The compaction prompt is deliberately decision-focused: "key decisions, the 'why' behind the decisions, problems solved." That framing matters for ML work where a session might span multiple training runs.

Prompt caching

agent/core/prompt_caching.py applies Anthropic's cache_control breakpoints on the tool block and system prompt for every Anthropic model. Non-Anthropic models pass through unchanged. This covers the ~4-5K static tokens that would otherwise be re-billed at full input cost on every turn.

HF jobs tool

agent/tools/jobs_tool.py talks to HF's job scheduler via the official huggingface_hub Python library. The full hardware menu goes from cpu-basic (2 vCPU / 16 GB) through a100x8 (96 vCPU / 1136 GB / 640 GB GPU). Scheduled jobs are distinguished from immediate runs by checking if the operation string starts with "scheduled " — which is the entirety of agent/core/approval_policy.py. Immediate GPU jobs and sandbox creates require user approval; scheduled jobs don't. The approval check lives before tool execution in the main loop.

Session upload

Every session gets uploaded to a private HF dataset ({username}/ml-intern-sessions) in Claude Code's JSONL trace format, which HF's Agent Trace Viewer understands natively.
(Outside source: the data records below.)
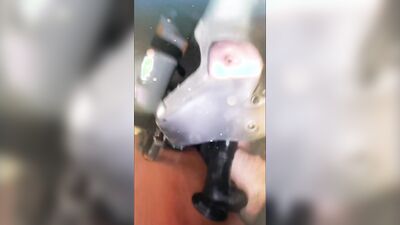 Handsome guy with a sexy beard makes a dirty Snapchat compilation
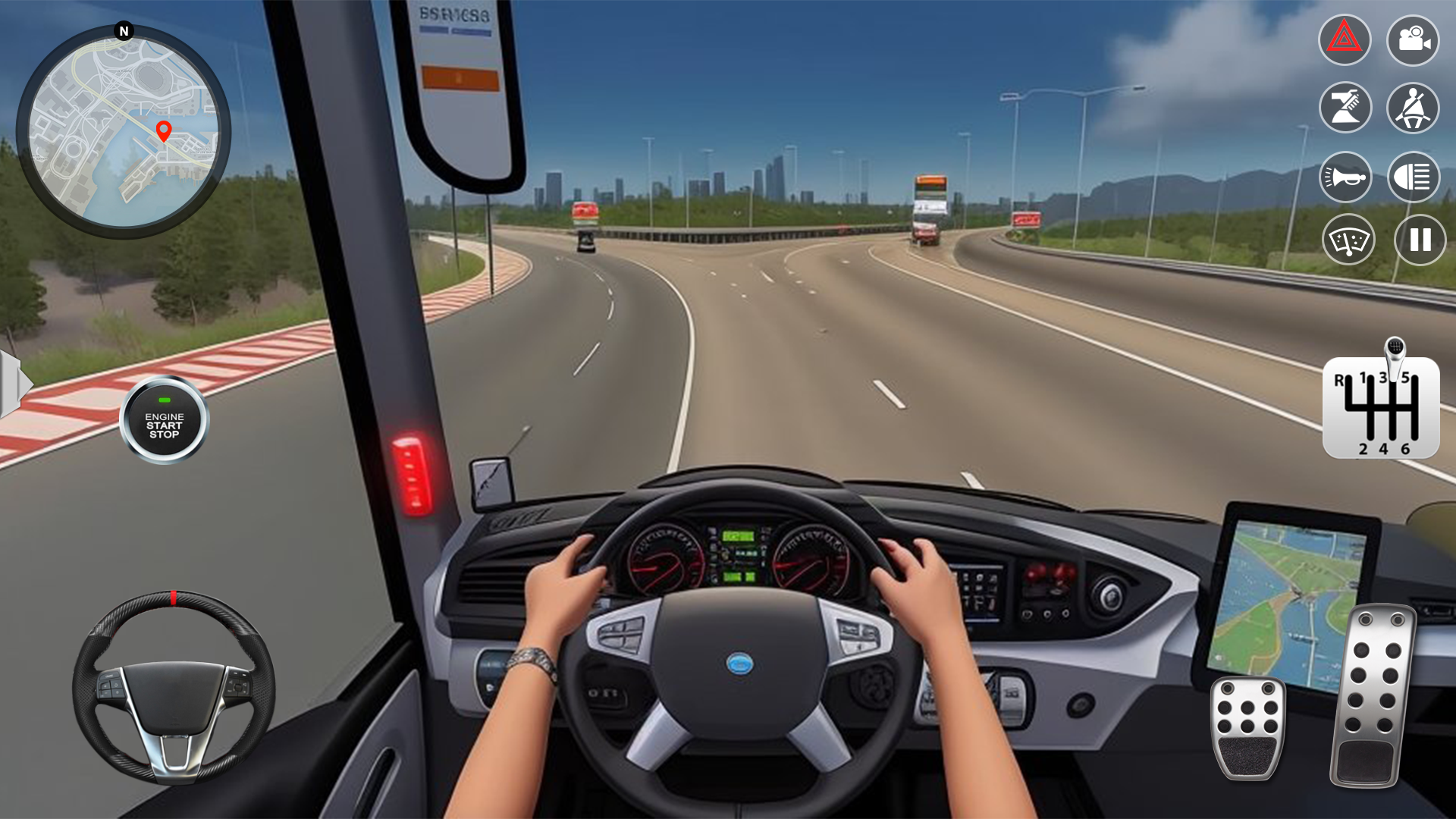 اسکرین شات 1 بازی Coach City Bus Simulator 2023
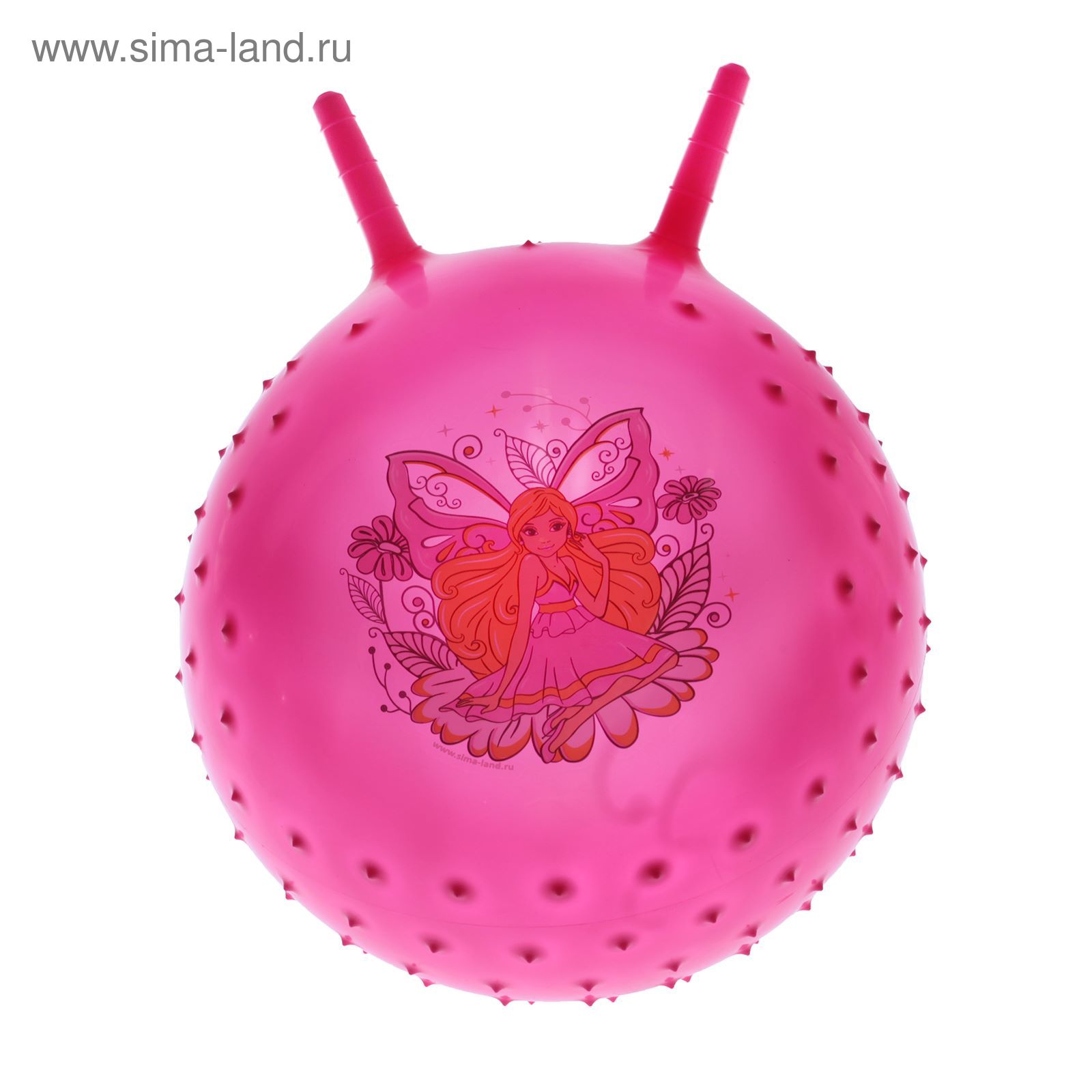 Мяч попрыгун с рожками массажный d=45 см, 320 гр, цвета микс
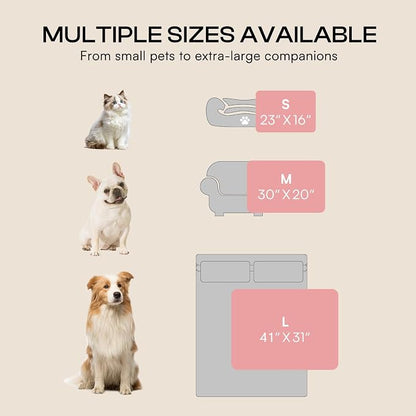 LINENLUX 1 Pack 3 Soft Dog Blanket Washable Warm Fleece Cat Blankets - Image 7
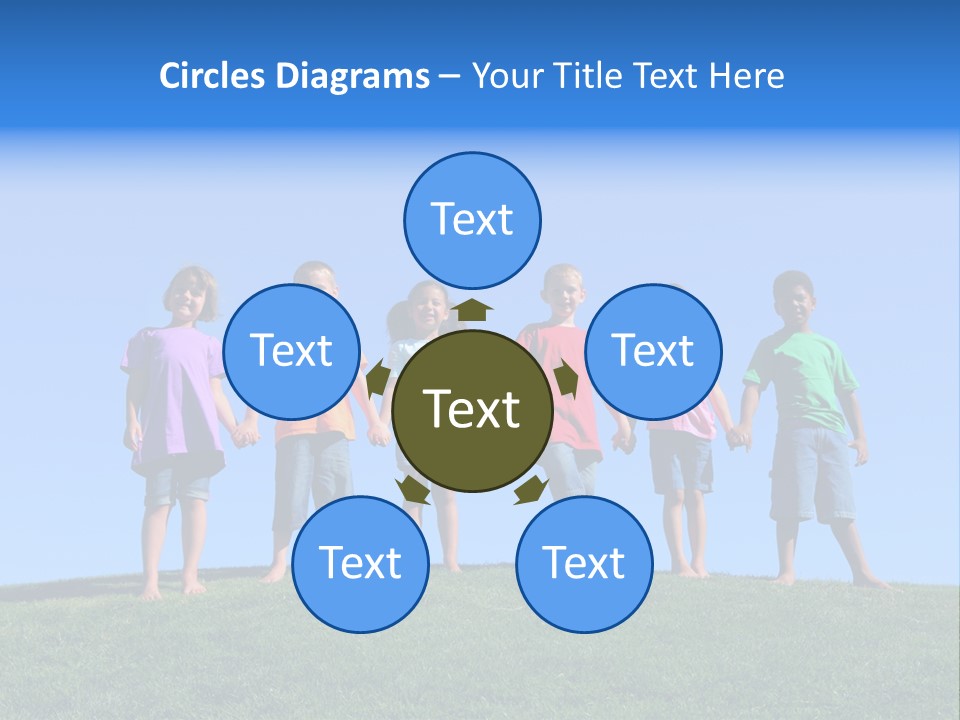 Caucasian Excitement Clear Sky PowerPoint Template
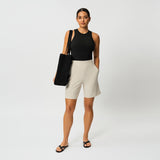 Light Ponte Shorts - Ninepine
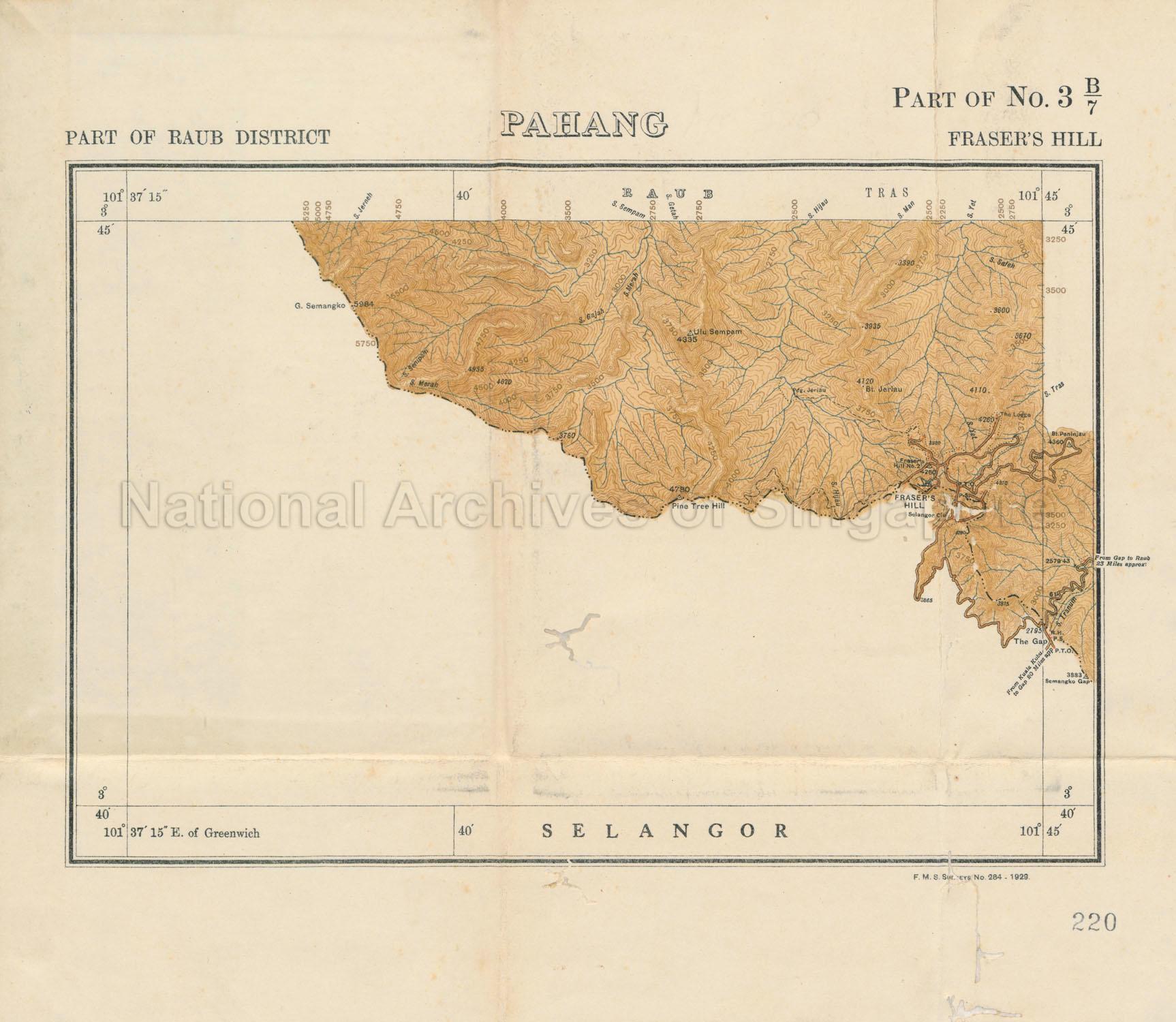 Part of Raub District, Fraser's Hill. Pahang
You can flip it public, private, or opt out entirely via config.

Using it

git clone git@github.com:huggingface/ml-intern.git
cd ml-intern
uv sync
uv tool install -e .

Then:

# Interactive
ml-intern

# Headless with a specific model
ml-intern --model anthropic/claude-opus-4-7 "fine-tune a DistilBERT on my sentiment dataset"

# Point at a local vLLM endpoint
ml-intern --model vllm/meta-llama/Llama-3.1-8B-Instruct "your prompt"

Model switching inside a session via /model. Session traces via /share-traces public.

Rough edges

The test suite is solid — 35+ unit tests covering the doom loop, compaction, approval policy, cost estimation, malformed args recovery, and session persistence. Integration tests require live credentials. The web frontend (frontend/) exists but the README focuses entirely on the CLI; the frontend config is a separate JSON with its own set of defaults.

The HF whoami call in context_manager/manager.py uses subprocess.run(["curl", "-4", ...]) instead of any HTTP library. The comment explains it: Python's httpx and urllib try IPv6 first, causing 40+ second hangs before falling back to IPv4. That's a pragmatic fix for a real deployment problem, but it's also the kind of thing that breaks on Windows.

The SFT tooling in agent/sft/ is referenced but not documented in the README at all.

Dependency surface is heavy: litellm, fastmcp, huggingface_hub, httpx, jinja2, rich, prompt_toolkit. For a CLI agent that's expected, but worth knowing before you pull it into an existing environment.

Bottom line

If you're doing active ML work in the HF ecosystem and want an agent that can actually launch training jobs rather than just draft Python files for you, this is worth running. The doom loop detector and compaction logic show the team has run this in production long enough to hit the failure modes.